A líder italiana afirmou que a detenção não seguiu as burocracias obrigatórias, uma vez que o ministro da Justiça não informado antes da operação de detenção, como é requisitado quando as autoridades italianas detêm suspeitos procurados pelo TPI

A primeira-ministra de Itália Giorgia Meloni está a ser investigada pela justiça de Roma devido à libertação de um suspeito líbio procurado pelo Tribunal Penal Internacional.

Osama Elmasry Njeem foi detido em Turim no dia 19 deste mês, mas foi libertado e voltou à Líbia num avião do governo italiano dois dias depois.

Na quarta-feira, dia 22 de janeiro, o TPI emitiu um comunicado onde lamentou o sucedido.

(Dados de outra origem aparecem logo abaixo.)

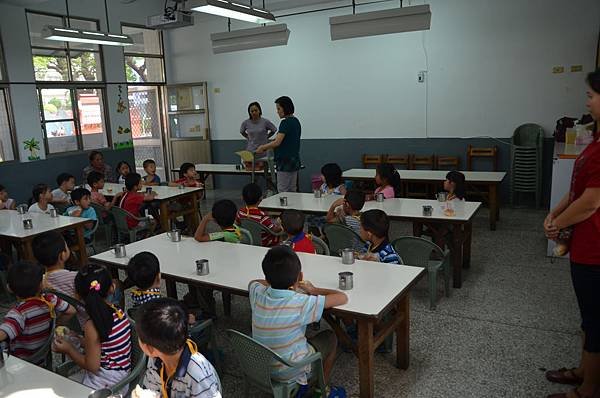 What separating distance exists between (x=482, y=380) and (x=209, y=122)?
7.94 metres

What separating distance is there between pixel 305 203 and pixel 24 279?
290 centimetres

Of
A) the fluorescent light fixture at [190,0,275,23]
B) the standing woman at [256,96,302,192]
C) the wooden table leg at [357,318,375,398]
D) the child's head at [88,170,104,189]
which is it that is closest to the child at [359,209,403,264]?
the wooden table leg at [357,318,375,398]

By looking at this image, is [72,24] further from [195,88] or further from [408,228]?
[408,228]

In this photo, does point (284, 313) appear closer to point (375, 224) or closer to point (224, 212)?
point (375, 224)

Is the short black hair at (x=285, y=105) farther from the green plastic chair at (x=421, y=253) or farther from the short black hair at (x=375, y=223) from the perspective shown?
the short black hair at (x=375, y=223)

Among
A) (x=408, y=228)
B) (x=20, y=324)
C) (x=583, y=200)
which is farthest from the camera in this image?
(x=408, y=228)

“Em 21 de janeiro de 2025, sem aviso prévio ou consulta do Tribunal, Osama Elmasry Njeem terá sido libertado e transportado de volta para a Líbia. O Tribunal está a tentar obter, e ainda não obteve, uma verificação das autoridades sobre as medidas alegadamente tomadas. O Tribunal recorda o dever de todos os Estados Partes de cooperarem plenamente com o Tribunal nas suas investigações e ações penais", pode ler-se na nota.

Meloni defendeu a atuação do seu executivo.

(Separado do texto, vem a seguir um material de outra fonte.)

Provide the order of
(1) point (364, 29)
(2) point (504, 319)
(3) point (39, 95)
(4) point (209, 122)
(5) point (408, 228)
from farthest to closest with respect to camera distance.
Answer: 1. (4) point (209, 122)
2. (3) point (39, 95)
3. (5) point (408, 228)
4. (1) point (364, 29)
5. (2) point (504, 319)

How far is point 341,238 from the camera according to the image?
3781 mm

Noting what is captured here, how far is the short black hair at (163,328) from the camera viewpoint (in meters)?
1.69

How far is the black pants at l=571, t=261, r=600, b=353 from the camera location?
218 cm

“Não posso ser chantageada, não me vou deixar intimidar. Tenciono continuar o meu caminho para defender os italianos, especialmente quando a segurança da nação está em jogo, de cabeça erguida e sem medo”, disse a primeira-ministra italiana, citada pelo Financial Times.

A líder italiana afirmou que a detenção não seguiu as burocracias obrigatórias, uma vez que o ministro da Justiça não informado antes da operação de detenção, como é requisitado quando as autoridades italianas detêm suspeitos procurados pelo TPI.

Devido às falhas burocráticas, um tribunal de recurso de Itália recusou manter Njeem detido e ordenou a sua libertação.

De acordo com o próprio TPI, Njeem era o responsável máximo por algumas prisões em Tripoli “onde milhares de pessoas foram detidas por períodos prolongados”.

Njeem é suspeito de “crimes contra a humanidade e crimes de guerra, incluindo assassínio, tortura, violação e violência sexual, alegadamente cometidos na Líbia a partir de fevereiro de 2015”, diz o tribunal.